From the entries below, reproduce exactly the line containing "Item preview, Black", the line containing "Retro Vertical Stripes", and every line in between, with nothing added.

Segment Start: Working data

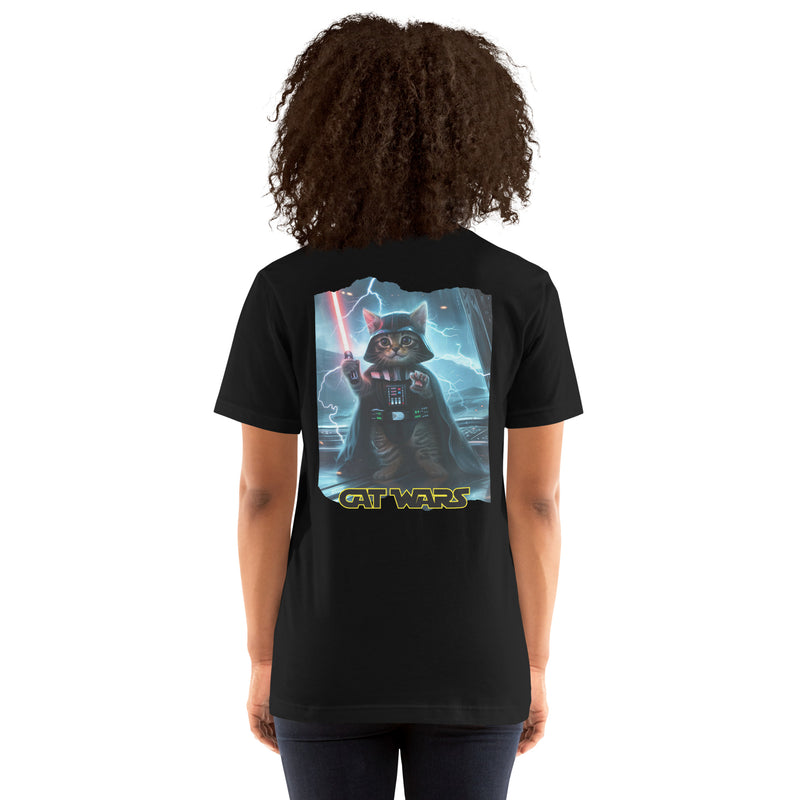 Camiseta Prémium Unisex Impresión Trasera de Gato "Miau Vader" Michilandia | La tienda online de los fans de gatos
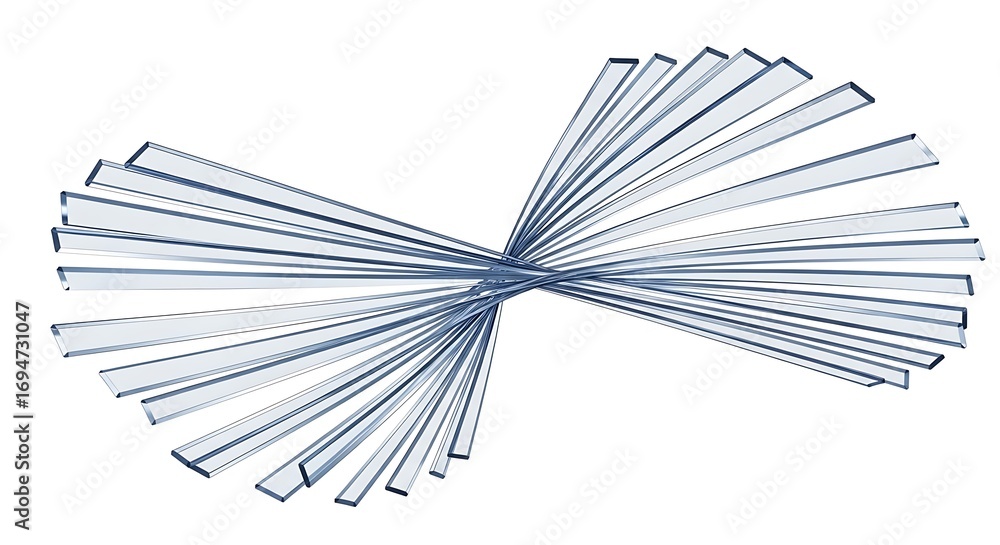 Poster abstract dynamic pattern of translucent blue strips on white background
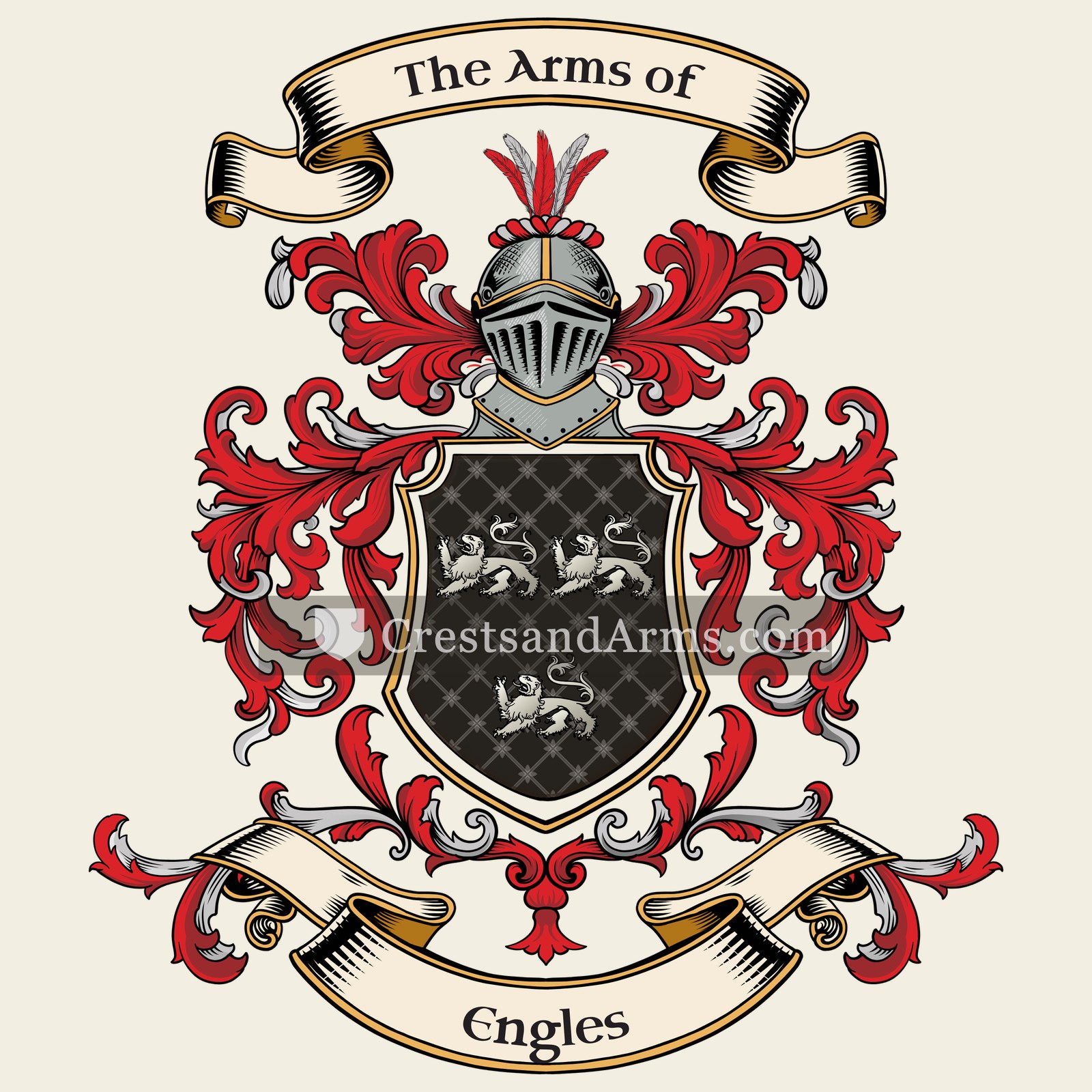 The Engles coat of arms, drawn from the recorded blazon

Segment End: Working data
Segment Start: Working data

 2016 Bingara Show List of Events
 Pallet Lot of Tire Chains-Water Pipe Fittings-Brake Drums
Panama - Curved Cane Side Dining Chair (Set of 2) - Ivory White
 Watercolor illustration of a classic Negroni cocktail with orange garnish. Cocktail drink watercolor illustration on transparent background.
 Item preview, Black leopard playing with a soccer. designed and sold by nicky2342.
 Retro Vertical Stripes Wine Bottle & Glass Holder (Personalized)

Segment End: Working data

**Result of the task:**
 Item preview, Black leopard playing with a soccer. designed and sold by nicky2342.
 Retro Vertical Stripes Wine Bottle & Glass Holder (Personalized)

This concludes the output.